Task details:
Nothing but the lines from the one with "Albergo Giardinetto เบลลาโจ ภายนอก รูปภาพ" through the end of the listing should be reproduced, each exactly and with pictures omitted.
^^^^^^^^^^^^^^^^
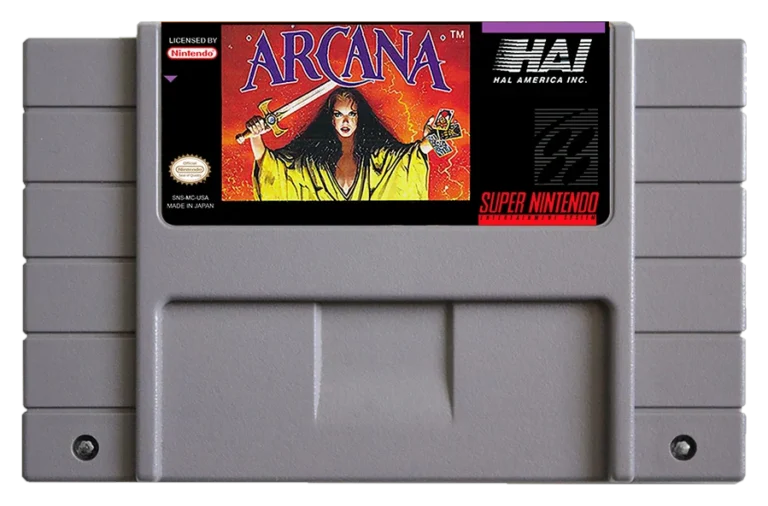 Arcana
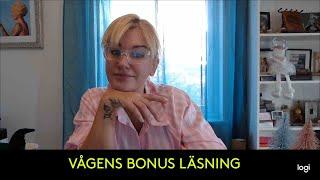 VÅGEN BONUS LÄSNING NOVEMBER 2024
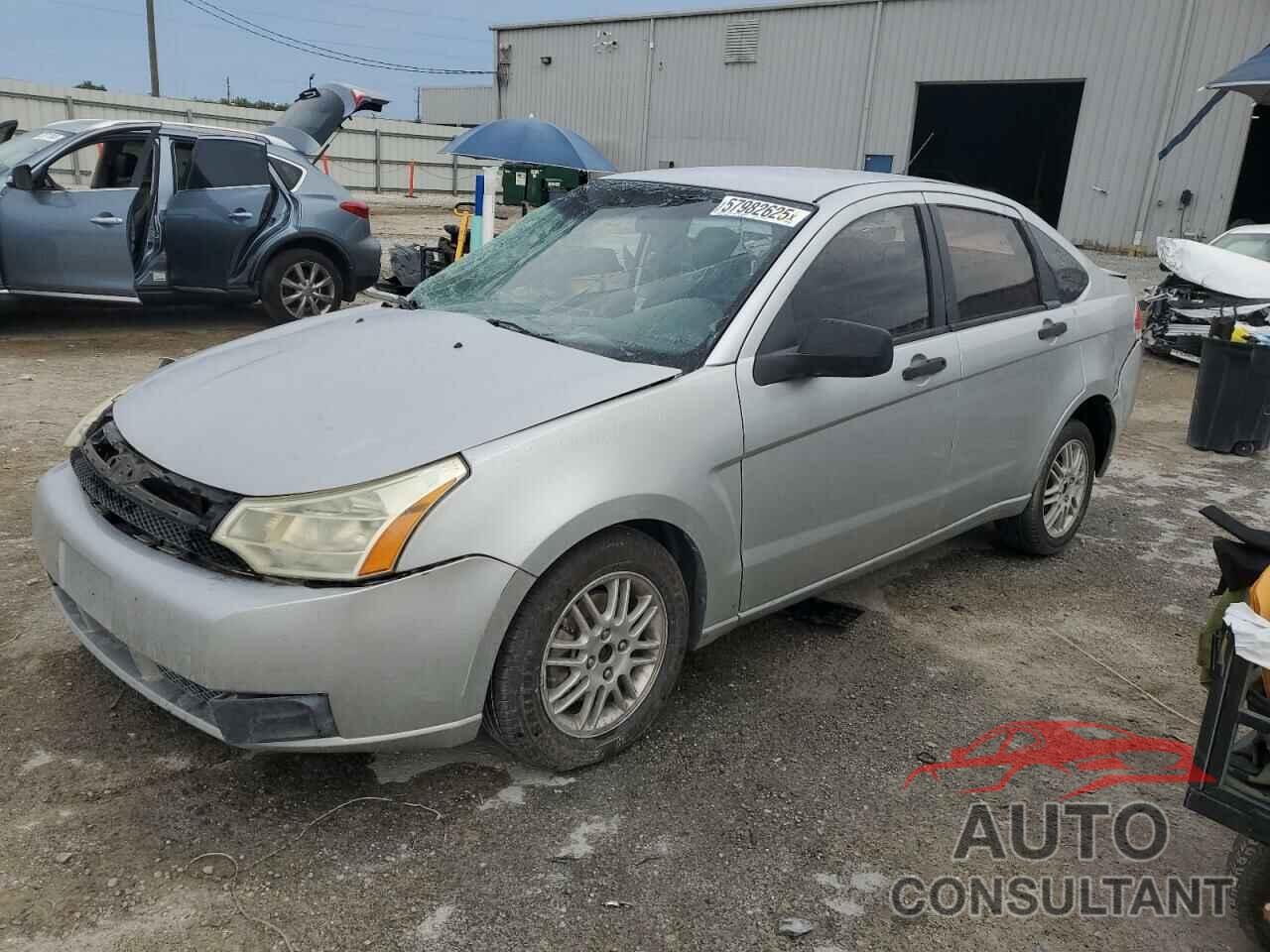 FORD FOCUS 2010 - 1FAHP3FN3AW105655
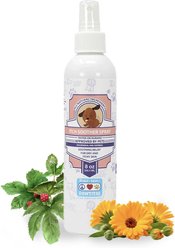 Pawtitas Organic Hypoallergenic Itch Soother Dog Moisturizer, 8-fl oz bottle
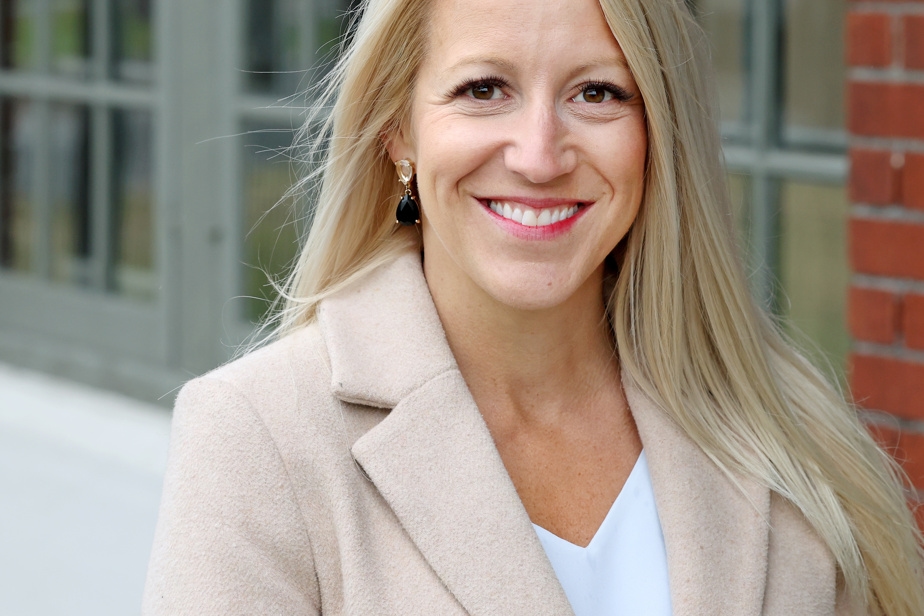 Mélissa Généreux en discussion avec le Parti québécois en vue d'une potentielle candidature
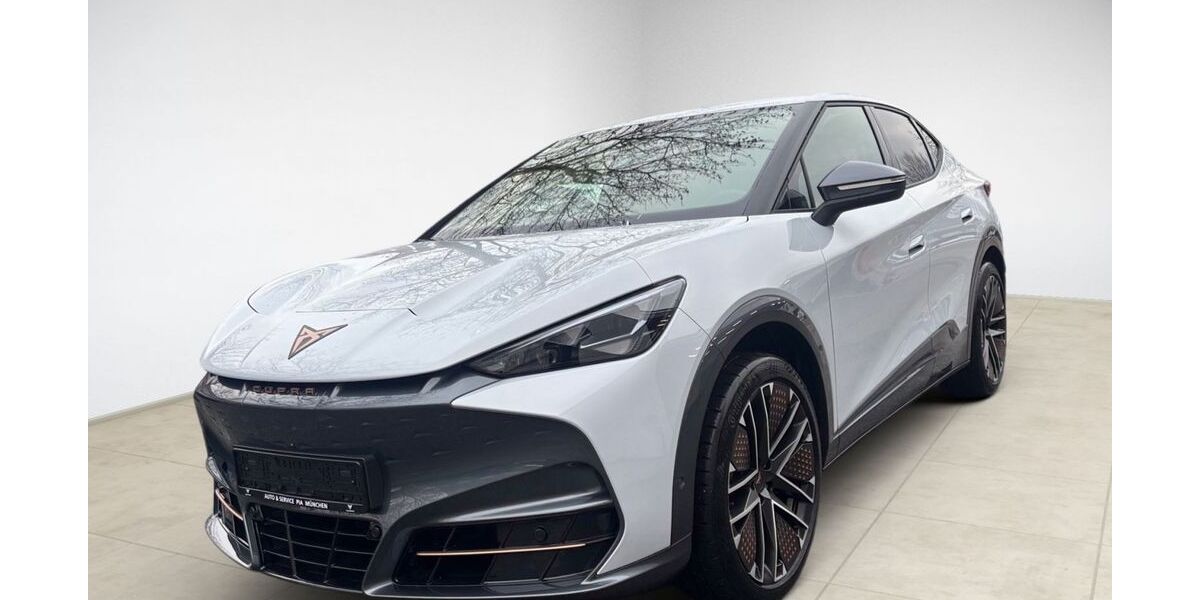 Cupra Tavascan 6.500 km 53.960 &euro; München 80935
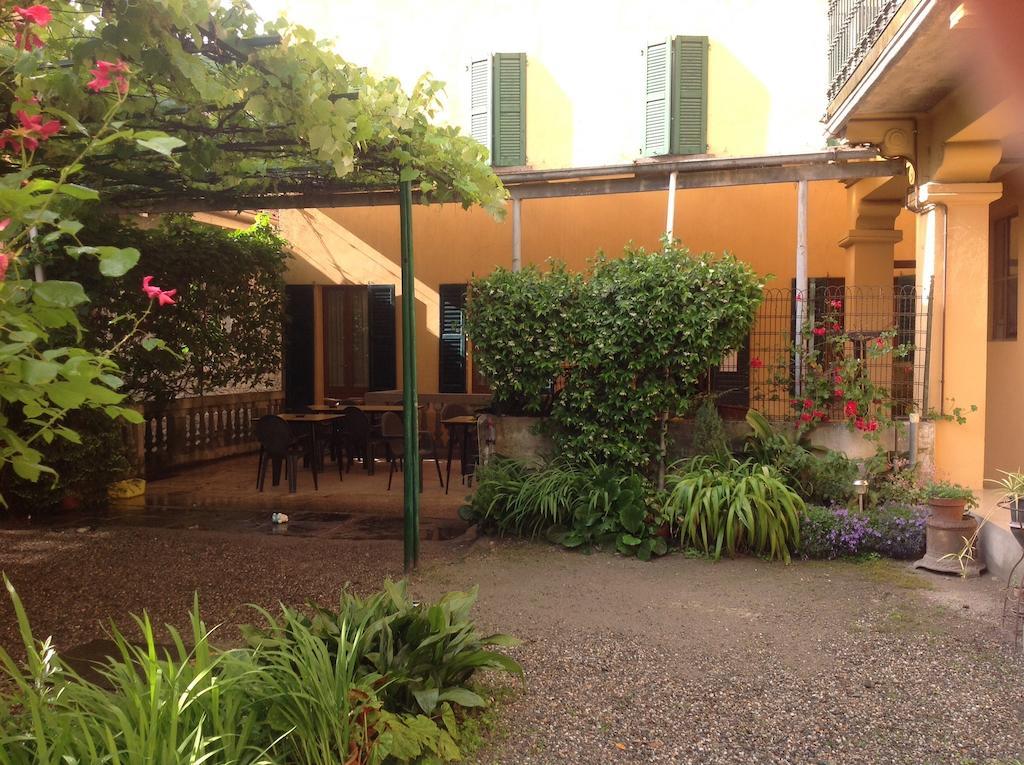 Albergo Giardinetto เบลลาโจ ภายนอก รูปภาพ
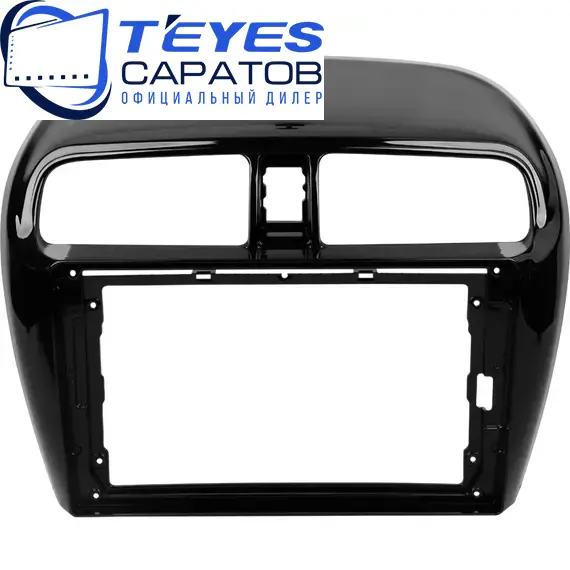 Штатная магнитола TEYES CC3 2K 360 6/128 9.5" для Mitsubishi Mirage 2012-2023, изображение 6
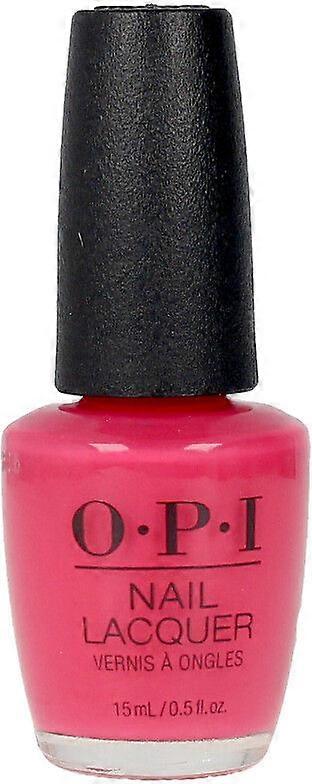 OPI 指甲油 指甲油持久度可达 7 天 #Charged Up Cherry 15 毫升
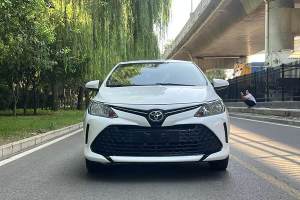 威驰FS 丰田 1.5L CVT锋驰版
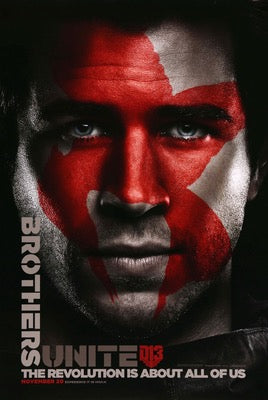 Hunger Games: Mockingjay Part 2 (2015) original movie poster for sale at Original Film Art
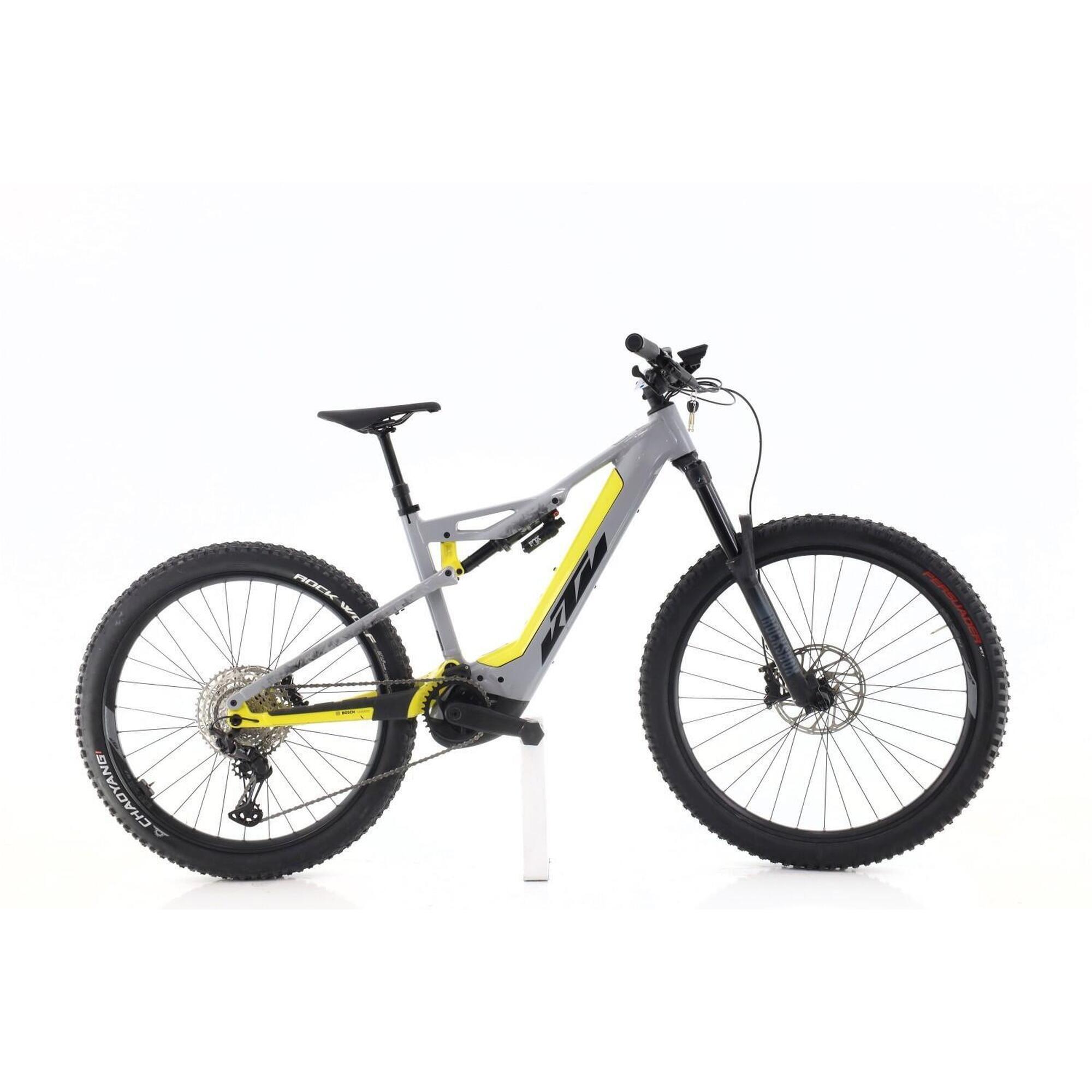 Second life · R. elektryczny · KTM Macina Kapoho 7972 XT · W dobrym stanie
^^^^^^^^^^^^^^^^
Response to the task:
 Albergo Giardinetto เบลลาโจ ภายนอก รูปภาพ
 Штатная магнитола TEYES CC3 2K 360 6/128 9.5" для Mitsubishi Mirage 2012-2023, изображение 6
 OPI 指甲油 指甲油持久度可达 7 天 #Charged Up Cherry 15 毫升
 威驰FS 丰田 1.5L CVT锋驰版
 Hunger Games: Mockingjay Part 2 (2015) original movie poster for sale at Original Film Art
 Second life · R. elektryczny · KTM Macina Kapoho 7972 XT · W dobrym stanie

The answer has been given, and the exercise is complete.